▶ _Records for this task_:
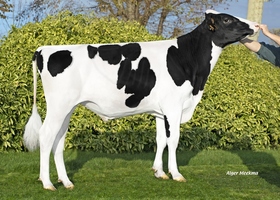 Sarrasin - S800 FR 6109156768
Pere: Platon
Prop: Genes Diffusion, 59. Douai (Fr.)
Photo: Douai - 12 Decembre 2022 - M2212032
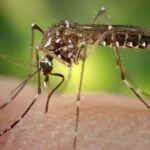 Las autoridades sanitarias de Cuba alertan del incremento de propagación del virus del dengue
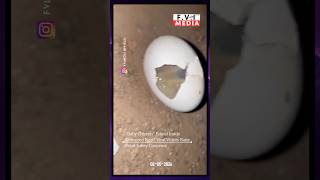 “Baby Chicken” Found Inside Delivered Eggs? Viral Videos Raise Food Safety Concerns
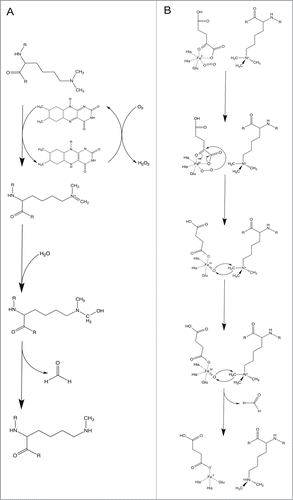 Figure 2. Mechanisms of lysine demethylation. (A) Mechanism of LSD1 demethylation via an amine oxidation reaction. (B) Mechanism of JmjC protein demethylation via a hydroxylation reaction. Adapted from Cloos et al.Citation68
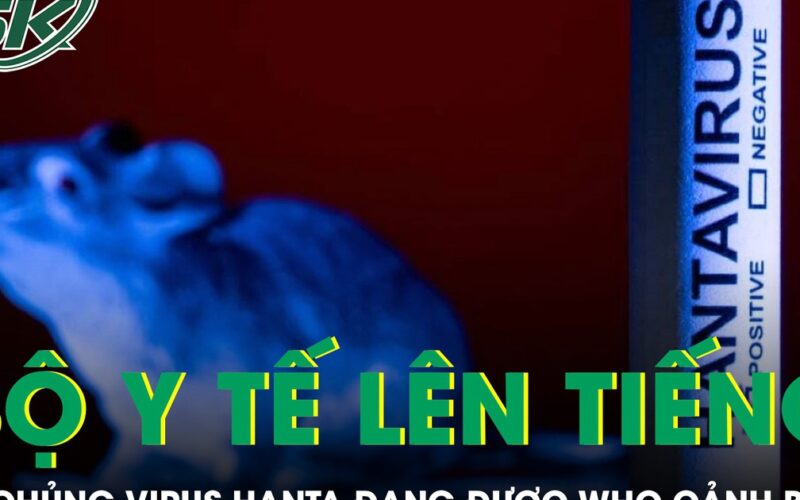 Bộ Y tế thông tin về chủng virus Hanta đang được WHO cảnh báo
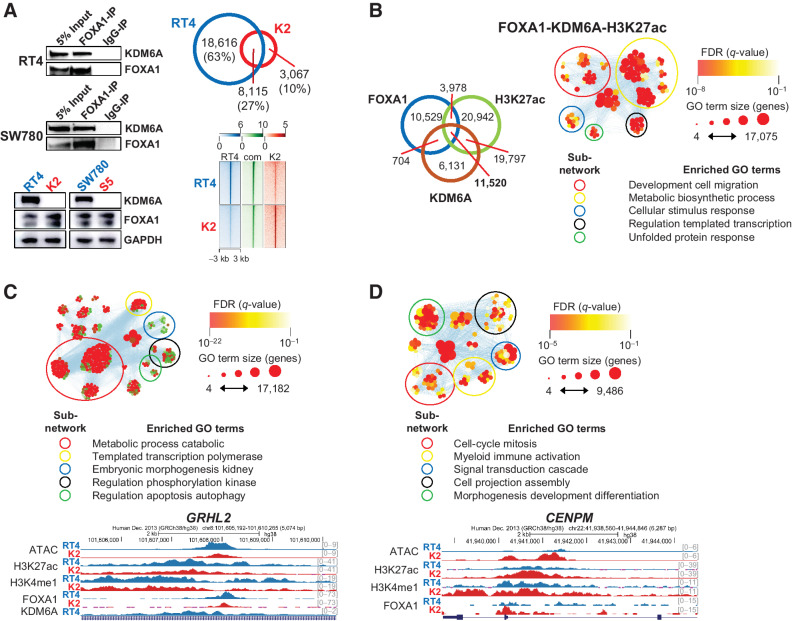 Figure 5. FOXA1 requires KDM6A in luminal subtype cells for the regulation of urothelial identity and homeostasis. A, Coimmunoprecipitation of KDM6A in using FOXA1 as a bait (top left). FOXA1 expression in parental (blue) and KDM6A knockout (red) cells (bottom left). Venn diagram showing shared and private FOXA1 peaks in RT4 parental and K2 knockout cells (top right). Heat map showing FOXA1 ChIP-seq signal at shared and private peaks (bottom right). B, Venn diagram showing KDM6A CUT&RUN, FOXA1 ChIP-seq, and H3K27ac ChIP-seq shared and private peaks in RT4 cells (left). Functional enrichment analysis of enhancer peaks bound by both FOXA1 and KDM6A (right). C, Functional enrichment analysis of FOXA1-bound genes that are upregulated in RT4 cells and genome browser view of the GRHL2 locus. D, Functional enrichment analysis of FOXA1-bound genes that are upregulated in K2 cells and genome browser view of the CENPM locus.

▶ _Exercise brief_: From the line containing "Figure 2. Mechanisms" to the end of the listing, restate each line word for word and nothing more; the pictures stay out.

▶ _Output below_:
 Figure 2. Mechanisms of lysine demethylation. (A) Mechanism of LSD1 demethylation via an amine oxidation reaction. (B) Mechanism of JmjC protein demethylation via a hydroxylation reaction. Adapted from Cloos et al.Citation68
 Bộ Y tế thông tin về chủng virus Hanta đang được WHO cảnh báo
 Figure 5. FOXA1 requires KDM6A in luminal subtype cells for the regulation of urothelial identity and homeostasis. A, Coimmunoprecipitation of KDM6A in using FOXA1 as a bait (top left). FOXA1 expression in parental (blue) and KDM6A knockout (red) cells (bottom left). Venn diagram showing shared and private FOXA1 peaks in RT4 parental and K2 knockout cells (top right). Heat map showing FOXA1 ChIP-seq signal at shared and private peaks (bottom right). B, Venn diagram showing KDM6A CUT&RUN, FOXA1 ChIP-seq, and H3K27ac ChIP-seq shared and private peaks in RT4 cells (left). Functional enrichment analysis of enhancer peaks bound by both FOXA1 and KDM6A (right). C, Functional enrichment analysis of FOXA1-bound genes that are upregulated in RT4 cells and genome browser view of the GRHL2 locus. D, Functional enrichment analysis of FOXA1-bound genes that are upregulated in K2 cells and genome browser view of the CENPM locus.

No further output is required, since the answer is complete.